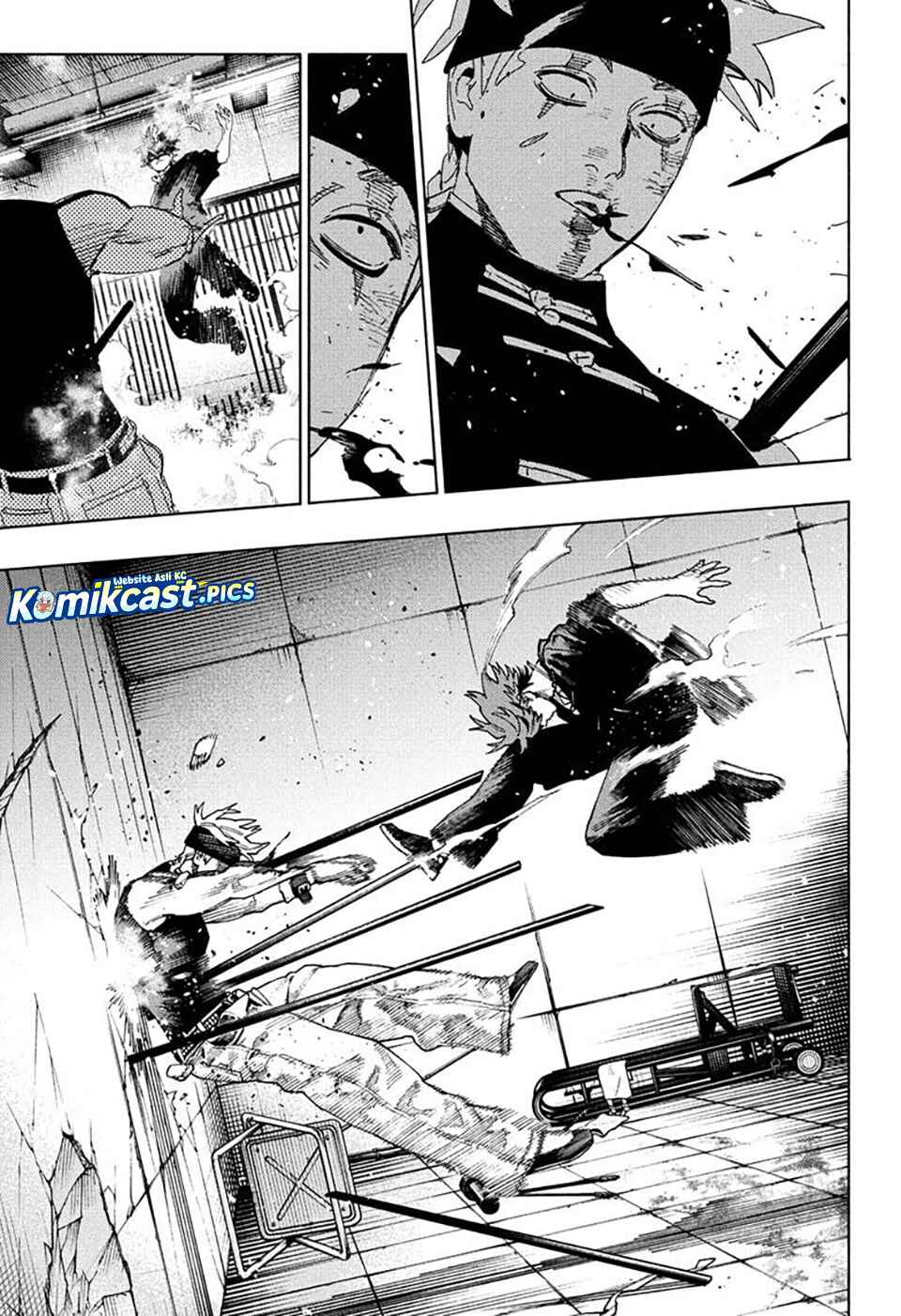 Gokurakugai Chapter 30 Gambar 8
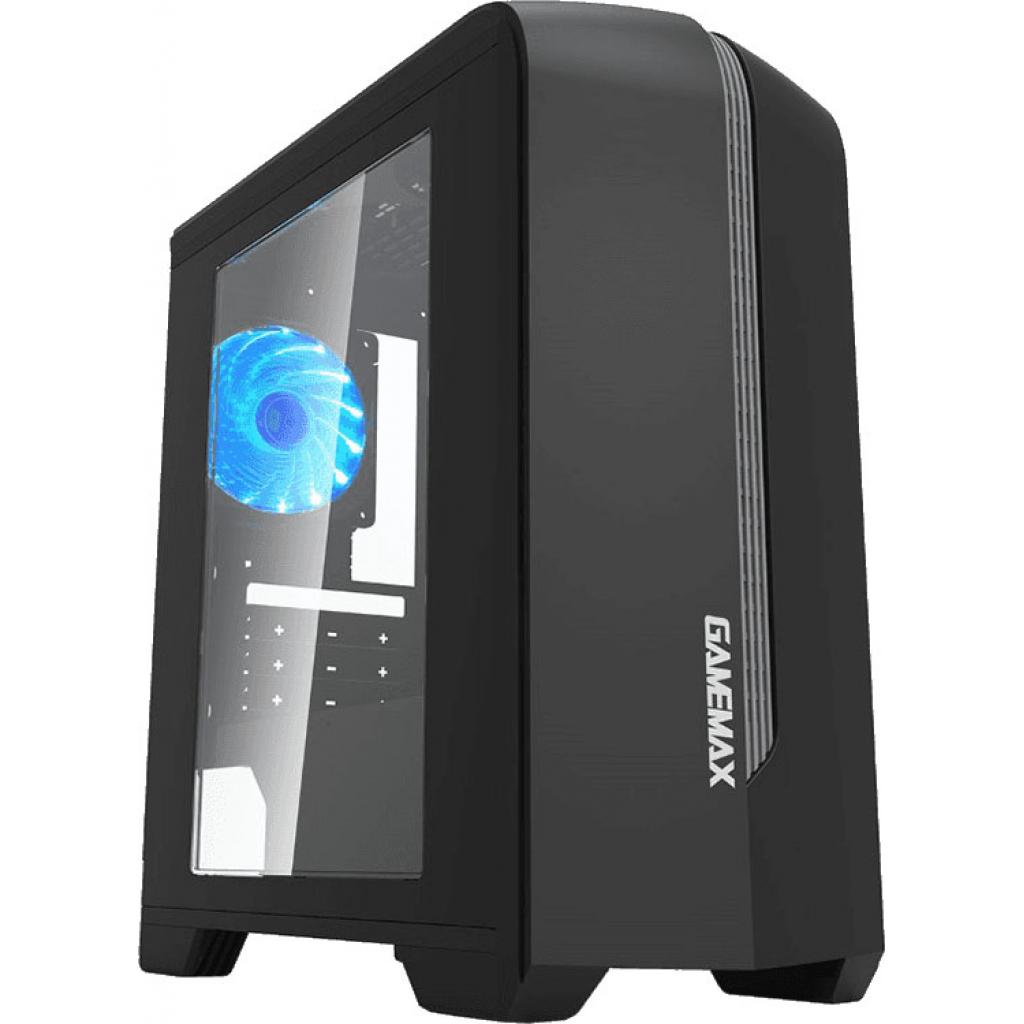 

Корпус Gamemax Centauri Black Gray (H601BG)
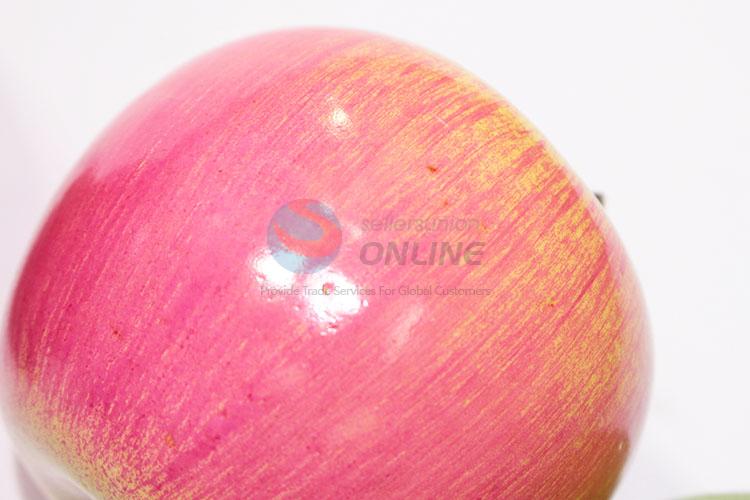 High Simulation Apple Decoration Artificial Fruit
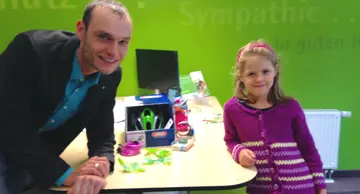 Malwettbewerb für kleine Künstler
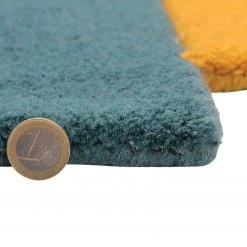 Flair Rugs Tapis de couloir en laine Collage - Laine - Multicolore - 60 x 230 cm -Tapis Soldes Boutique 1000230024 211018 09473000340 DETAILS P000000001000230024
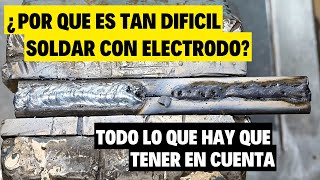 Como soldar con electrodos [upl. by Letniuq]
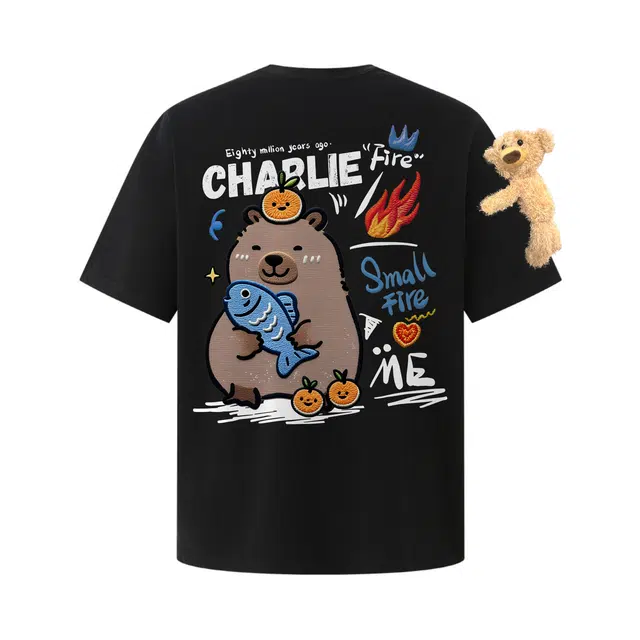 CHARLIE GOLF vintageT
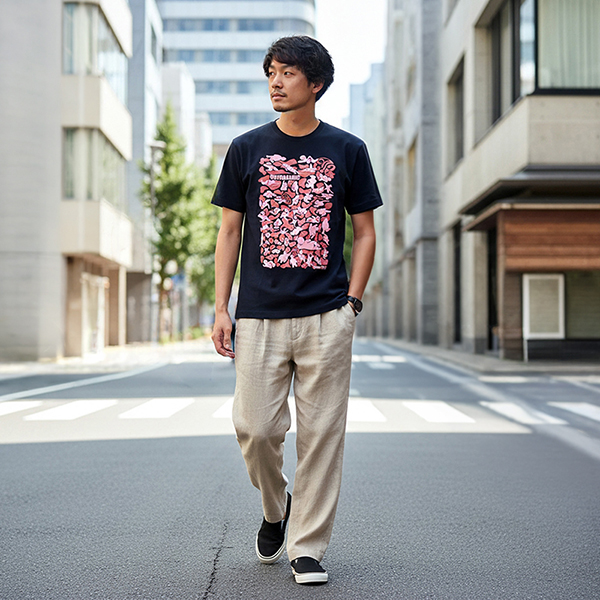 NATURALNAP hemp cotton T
----------
Your task :: Word for word, write out each line of the records, but leave the pictures behind.

Response ::
 Gokurakugai Chapter 30 Gambar 8

Корпус Gamemax Centauri Black Gray (H601BG)
 High Simulation Apple Decoration Artificial Fruit
 Malwettbewerb für kleine Künstler
 Flair Rugs Tapis de couloir en laine Collage - Laine - Multicolore - 60 x 230 cm -Tapis Soldes Boutique 1000230024 211018 09473000340 DETAILS P000000001000230024
 Como soldar con electrodos [upl. by Letniuq]
 CHARLIE GOLF vintageT
 NATURALNAP hemp cotton T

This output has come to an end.